Farmer sells homegrown burgers and more (2024)

Farmer sells homegrown burgers and more (1)

LITTLE ROCK—Between Highway 9, the Little Rock River and the Little Rock water tower sits a drive-in, fitting no more than 32 people.

Mark Gross has been a farmer all his life. Being the founder of a rural burger and ice cream shop — well, that’s a new venture.

Triple View Drive-In is on the intersection of Log Avenue and Highway 9, 1 mile southeast of Little Rock. More specifically, the drive-in sits on Triple View Farm — the farm Gross was born on and where raises the beef served on a Triple View Drive-In potato bun.

“My beef is 250 feet right behind,” Gross said. “The animals are right here behind the building.”

The menu holds four versions of the unfrozen meat: The classic hamburger, a cheeseburger, The Boss’s Burger with bacon and cheese, and The State Burger with the works.

Off the menu, coolers full of steaks, beef jerky, beef sticks and more are available for purchase to cook at home.

The farm-to-table diner also serves a variety of sandwiches, deep-fried foods, hot dogs and other items 10 a.m.-10 p.m. daily Labor Day to Halloween, as long as the weather holds out.

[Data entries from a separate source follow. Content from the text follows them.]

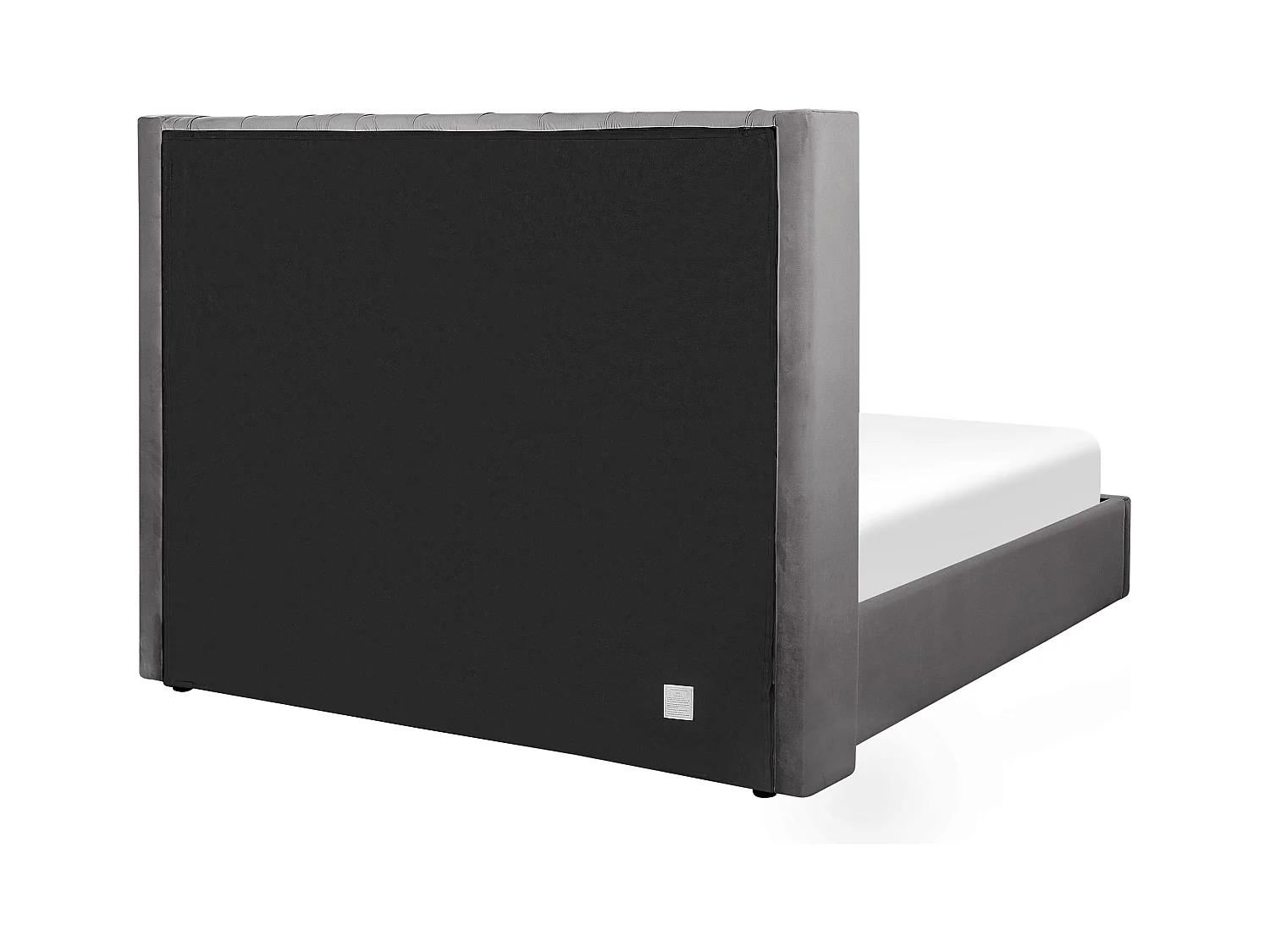 Lit ottoman Velours LUBBON 160 x 200 cm Gris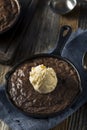 Homemade Sweet Dark Chocolate Brownie in a Skillet Royalty Free Stock Photo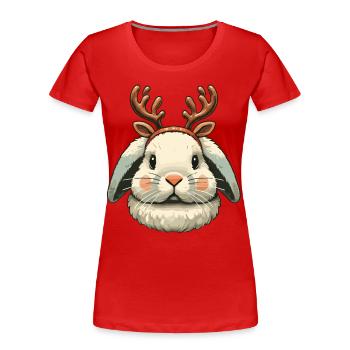 Christmas Cute Reindeer Bunny Design - Women's Premium Organic T-Shirt - navy - Front - Mia (176cm)
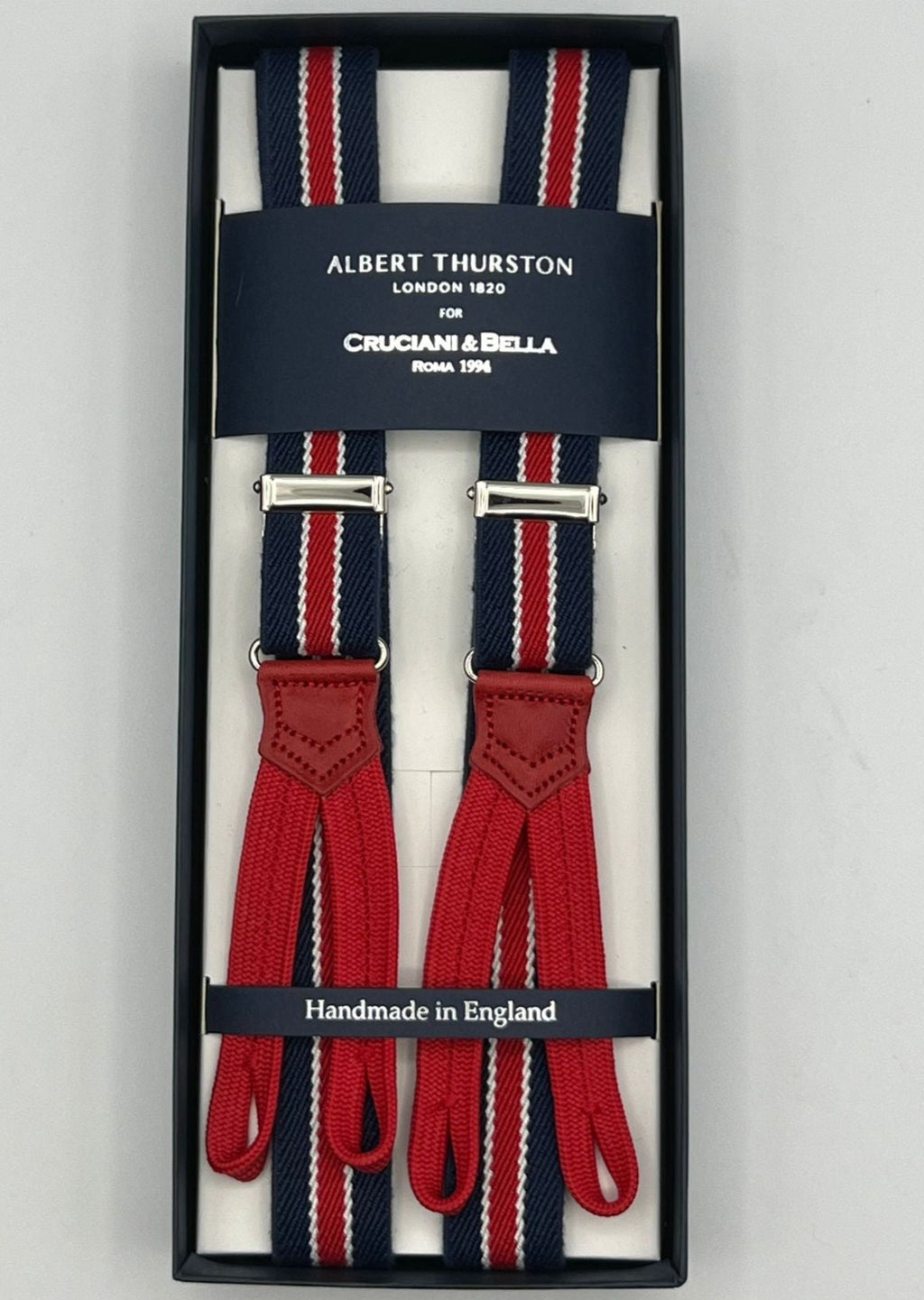 Albert Thurston - Elastic Braces - 25 mm - Blue, Red and White Stripes #7603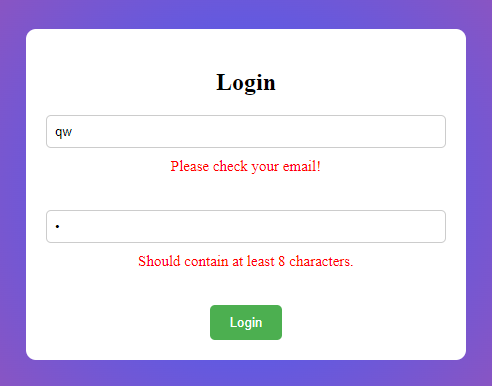 Final login page after validation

Although Triple View Drive-In began serving food items for the first time in April, what truly started Gross’ venture into the food industry was the ice cream.

“There was a drive-in half a mile west on the north-side road. There was a drive-in there, and I lived right here because this is my family farm. I lived here, and I would ride my bicycle at 7-10 years old and go down there at night for a 5-cent ice cream cone,” Gross said. “I would ride that down there, and I would get a 5-cent ice cream, and then I would come back at night. My mother and father would just be here. But then I would come home, and this is where the saying comes from. My mother was very upset with me. She’d be meeting me at the drive-in, or she’d be meeting me by the house, she’d say, ‘Why would you even consider going down that dangerous road at night, it’s very busy?’ and I said, ‘Because the ice cream was well worth it.’”

That saying — “The ice cream was well worth it” sits above the Triple View Drive-In exit.

Gross sells a baby ice cream cone for $1, and a full-sized for $2.

Farmer sells homegrown burgers and more (2)

Weekly pie flavors also keep customers coming. If in an a-la-mode mood, customers can ask for their pie to be crumbled and mixed into their ice cream, which Triple View calls a “tornado.”

Gross also gives away free ice cream coupons regularly at George-Little Rock School District events, local youth sports games and public libraries.

“I love to see kids with a big smile on their face,” Gross said. “That’s what I’m about.”

But people of all ages have been attracted to Triple View. Gross keeps a map hung on the west side of the restaurant. Pins mark spots from all across the United States where customers have come from, even though the drive-in only opened for ice cream in April 2023 and with full-menu service this year.

Getting started, let alone after seeing how much business has grown in the last two years, Gross originally worried about staff shortages.

Instead, he found a surplus.

“I’m very, very, very pleased with my help and my manager (Ashley Eben),” Gross said. “I couldn’t do it without them. They are my backbone to this place. We are overwhelmed. We can’t give everybody hours that we need to because we have so much help. We have 35-40 on the list.”

He said without the community stepping in to support his business on either side of the counter, he would never have what he does today. Particularly young people who are not old enough yet to work on a farm can find work at Triple View as a unique food service outside of town.

Not much fills the future in terms of new plans for the roadside diner. As a farmer of beef, pork, corn and soybeans however, Gross said he hopes to one day incorporate his own pork onto the menu alongside his beef.

The owner eats most of his meals at the restaurant. He often knows everyone that comes in the door by name, and those he does not he finds out before they leave.

Gross said it is the people he has gotten to know who have intrigued him to stay in the same state outside the same town on the same farmland all his life.

“We love to serve the community,” he said. “We love to have people come in and talk, and obviously I love to talk so very excited.”